In 2013, The New York Times even did a profile piece on the comedian, titled "The Woman With 1 Billion Clicks," in which the paper marveled at how a YouTuber managed to become so popular that she "has more Facebook fans than Jennifer Lawrence, more Twitter followers than Fox News and more Instagram friends than Oprah." The way she managed it, the article says, is with "a highly shareable cocktail of comedy, sex appeal, puppies and social commentary, laced with profanity."
But before she became the confident entrepreneur we all know and love, she was just Jenna Mourey, shy college student. And she credits her time in college for giving her the ability to come out of her shell.
Inside Jenna's college experience
In a 2013 interview with Variety, Jenna said she first found her now-famous voice and let loose with her wacky sense of humor in college. "I was relatively quiet," she said of her younger self. "I came out of my shell in college." Jenna had grown up in Rochester, New York, and after she graduated high school, she moved to Boston to attend Suffolk University. She graduated from Suffolk with a B.S. in psychology and then enrolled in Boston College where she earned a master's degree in sports psychology.

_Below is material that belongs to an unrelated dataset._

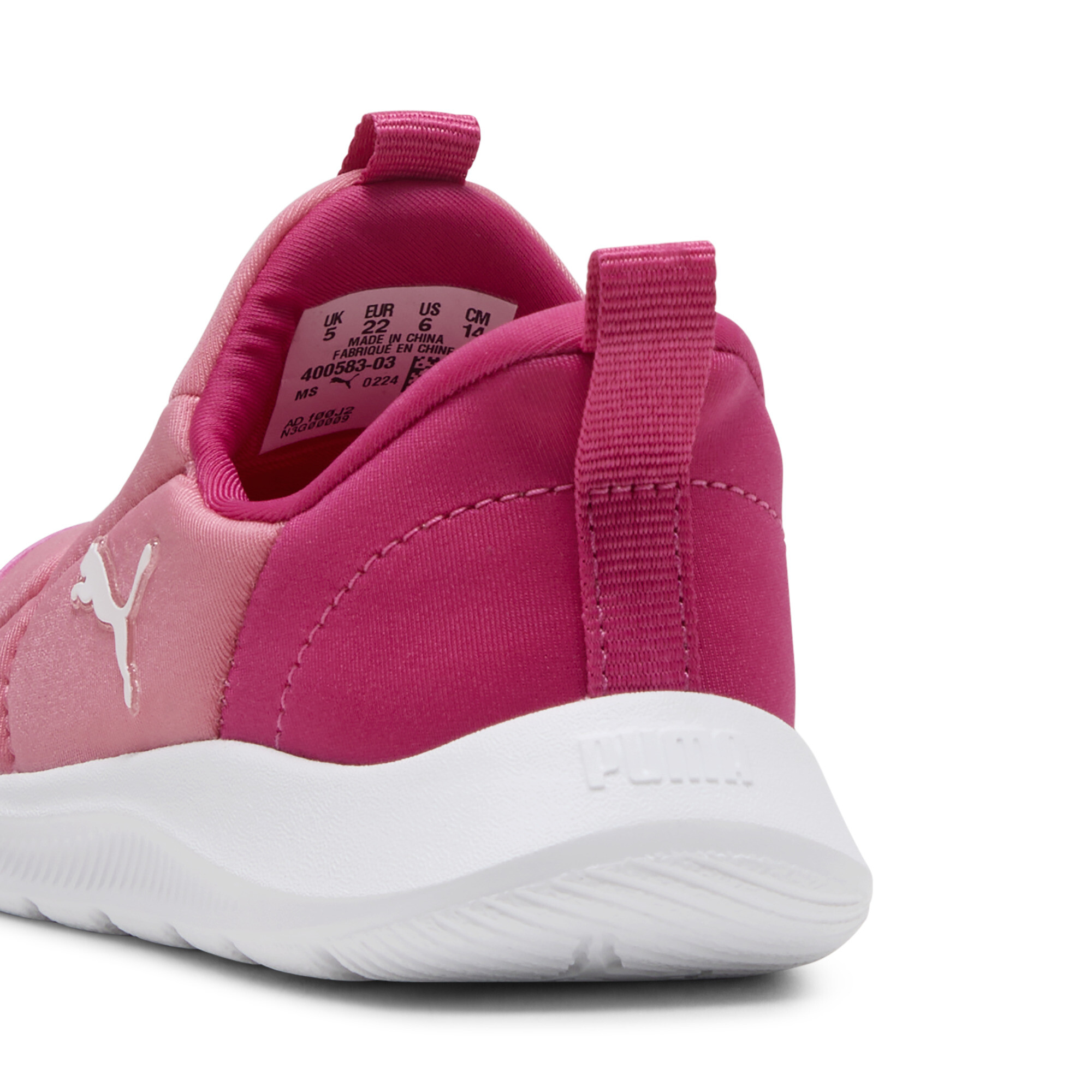 PUMA Fun Racer 2 SLIPTECHâ¢ schoenen, Roze/Wit, Maat 21 thumbnail 5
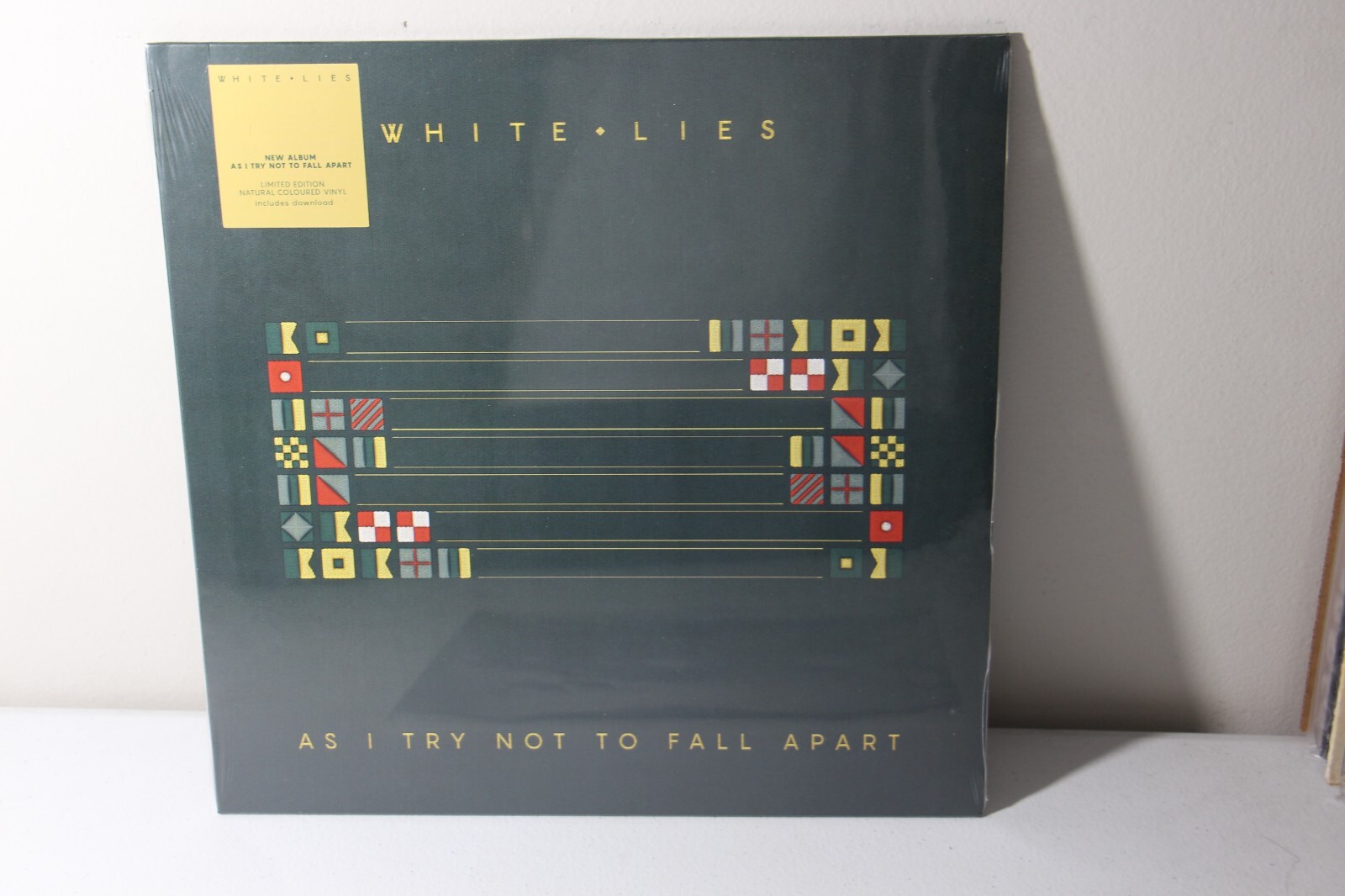 White Lies – As I Try Not To Fall Apart, NEW/SEALED LP Clear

So while Jenna may have a deep understanding of how to help people psychologically in a clinical setting, she clearly also understood how to help them by making them laugh, and that's the career path she chose. Though, she says it just sort of happened. Once she started posting videos, the success "sort of fell into my lap," she told Variety. And though she was approached by studios to develop a TV shows or movies, she turned them down in favor of keeping the freedom YouTube allowed her. Studios "want to own your soul," she said. "And the coolest thing on YouTube is nobody owns you."